Sinema elektronik atawa sinetron –istilah ini diperkenalkan pertama kali oleh
Bapak Soemardjono, salah satu pendiri Institut Kesenian Jakarta (IKJ)-udah jadi
menu sehari-hari yang buat sebagian orang kudu dinikmati. Mau yang sinetron
sekali tayang habis ala FTV atau yang stripping beratus episode ala Cinta Fitri ada
penggemarnya sendiri. Atau sinetron yang diimpor dari luar Indonesia kayak
telenovela yang asalnya dari Amerika Latin atau soap
opera alias
opera sabun yang lahir pertama kali di Amerika, plus drama seri Asia yang diisi
akting para artis Korea, Taiwan, dan Jepang, semua makin bikin warna sinetron
di Indonesia beragam, banyak pilihan.
Banyak yang suka sama sinetron karena cerita
sinetron yang bikin orang penasaran. Tiap episode berakhir dengan cerita yang
dibuat ngegantung, bikin orang geregetan dan “nagih” untuk besok nonton lagi.

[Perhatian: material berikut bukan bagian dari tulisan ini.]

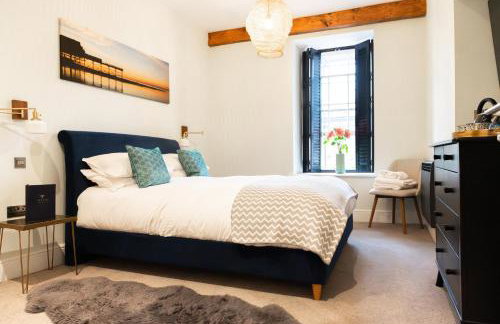 Devils Falls at the Luxury Hafod Hotel Aberystwyth - Foto 71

Plus juga pemain-pemainnya yang cantik-cantik en ganteng bikin tangan makin
nggak sanggup pencet remote pindah channel.
Tapi ternyata nggak semua masyarakat merespon
keberadaan sinetron ini dengan suka. Ada juga sebagian masyarakat yang memilih
untuk nggak nonton sinetron apalagi yang produk dalam negeri. Bahkan ada yang
sampai bikin gerakan “Anti Sinetron”!
Kalau
dicek n crosscek ketidaksukaan sebagian masyarakat terhadap sinetron
wajar-wajar aja. Karena produk sinetron yang ada kebanyakan emang nggak bikin
orang tambah pinter ngeliat hidupnya dan hidup orang lain. Nggak tambah bijak
dan lihai untuk bisa ngejadiin diri cari solusi untuk permasalahan hidup yang
sedang dihadapi.
Loh
kan sinetron emang bukan media pendidikan kan? Sinetron kan emang
peruntukkannya cuma untuk menghibur. Gitu sih ngelesnya. Iya sih. Sinetron
emang dibikin untuk menghibur, tapi kan bukan berarti melupakan unsur
pendidikan. Contohnya –ini contoh yang sering banget dipake, karena selain yang
ini nggak ada lagi yang lain hehe..- sinetron Kiamat Sudah Dekat, Lorong Waktu,
atau Para Pencari Tuhan. Lewat sinetron-sinetron tersebut banyak cerita
keseharian ditampilkan plus bagaimana contoh penyelesaiannya sesuai dengan
syariat Islam. Orang nggak ngerasa diguruin, nggak ngerasa diceramahin, tapi
bisa dengan baik bercermin.
Sayangnya
nggak banyak sinetron yang semacam itu. Ada juga sih sinetron yang mencoba
tampil islami, apalagi seperti pada Ramadhan kemarin. Tapi karena global idenya
masih yang kebanyakan: perseteruan karena warisan, harta, perempuan, dan
mistis hantu-hantuan, walhasil nama Allah, ayat-ayat Allah yang
digunakan di tiap adegan jadi tampak garing. Nggak ada “ruh” yang ditampilkan,
bahkan bertentangan dengan syariat Islam.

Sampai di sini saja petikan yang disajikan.